Restate the listing below word for word, pictures excluded.

§ **Data segment**
▶

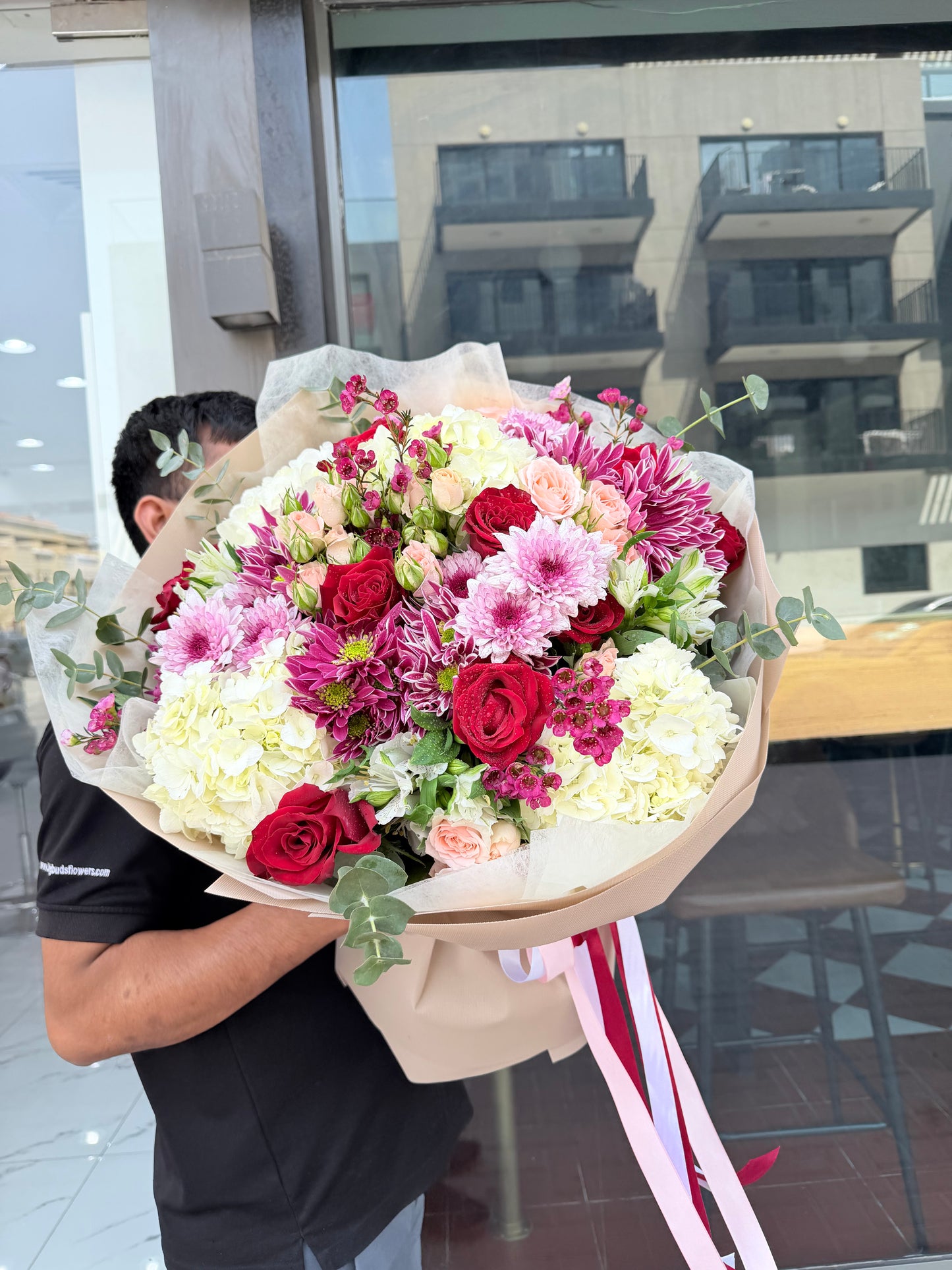 Premium Women’s Day floral arrangements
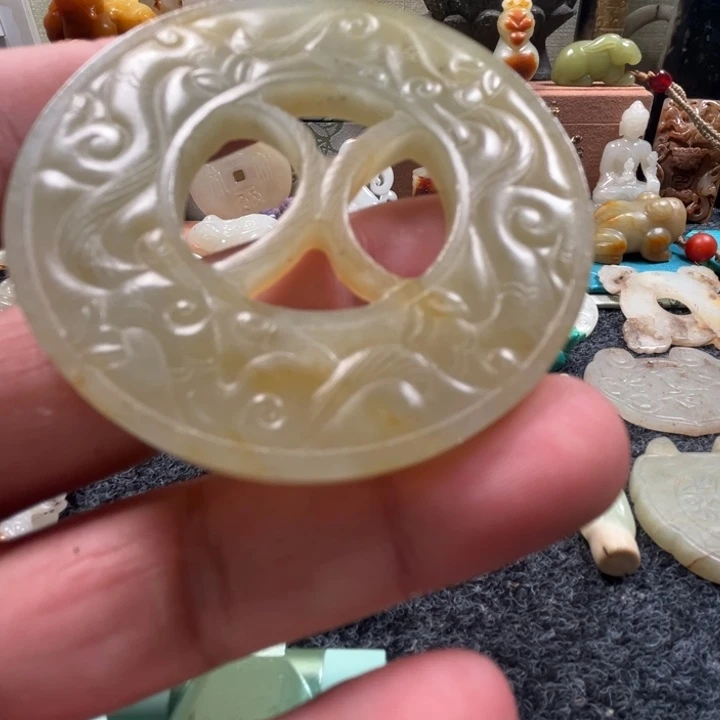 和田玉（糖玉）未镶嵌挂件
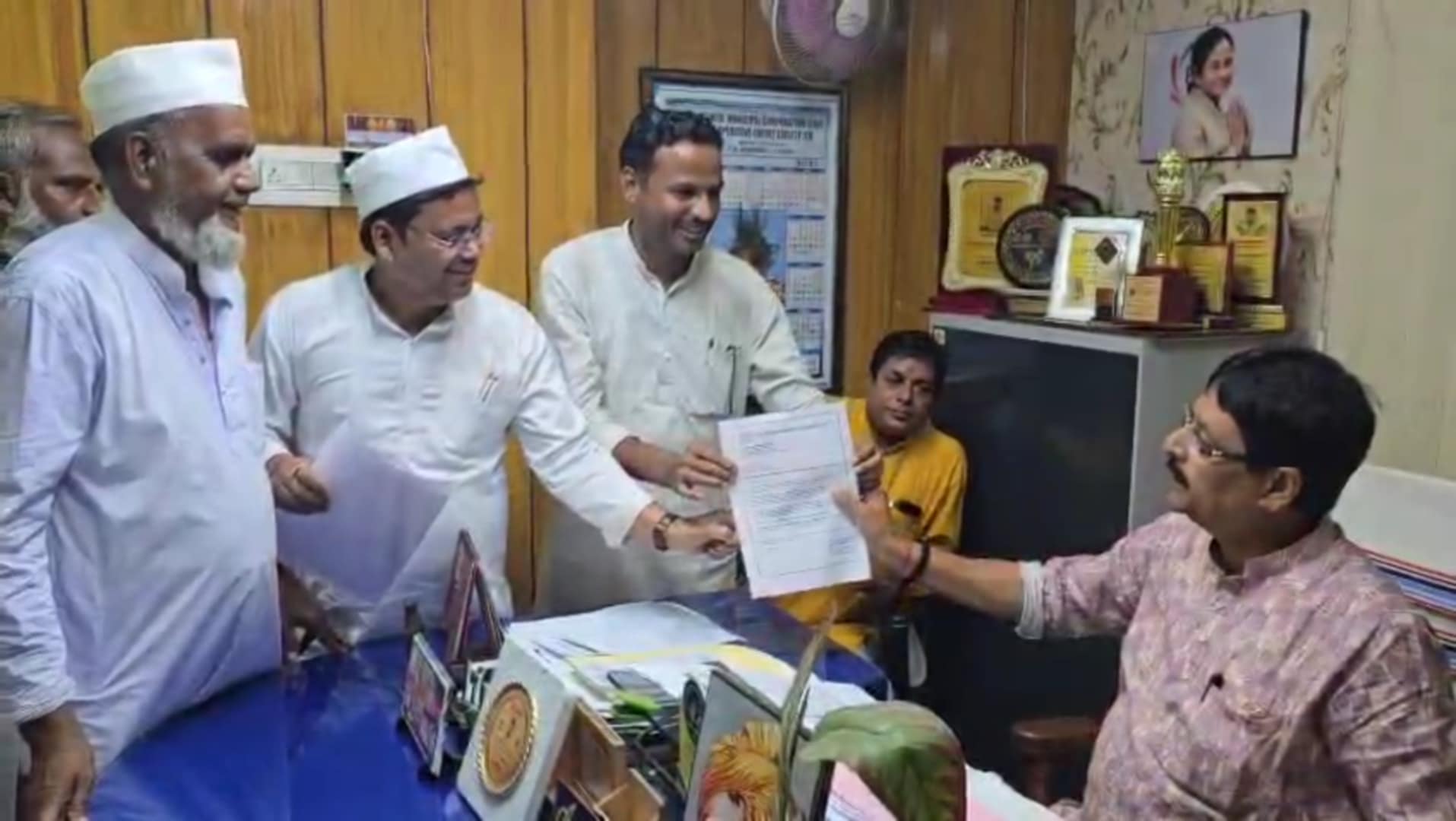 কংগ্রেসের পক্ষ থেকে চেয়ারম্যানের কাছে স্মারকলিপি জমা কংগ্রেসের পক্ষ থেকে চেয়ারম্যানের কাছে স্মারকলিপি জমা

◀

§ **Solution**
 Premium Women’s Day floral arrangements
 和田玉（糖玉）未镶嵌挂件
 কংগ্রেসের পক্ষ থেকে চেয়ারম্যানের কাছে স্মারকলিপি জমা কংগ্রেসের পক্ষ থেকে চেয়ারম্যানের কাছে স্মারকলিপি জমা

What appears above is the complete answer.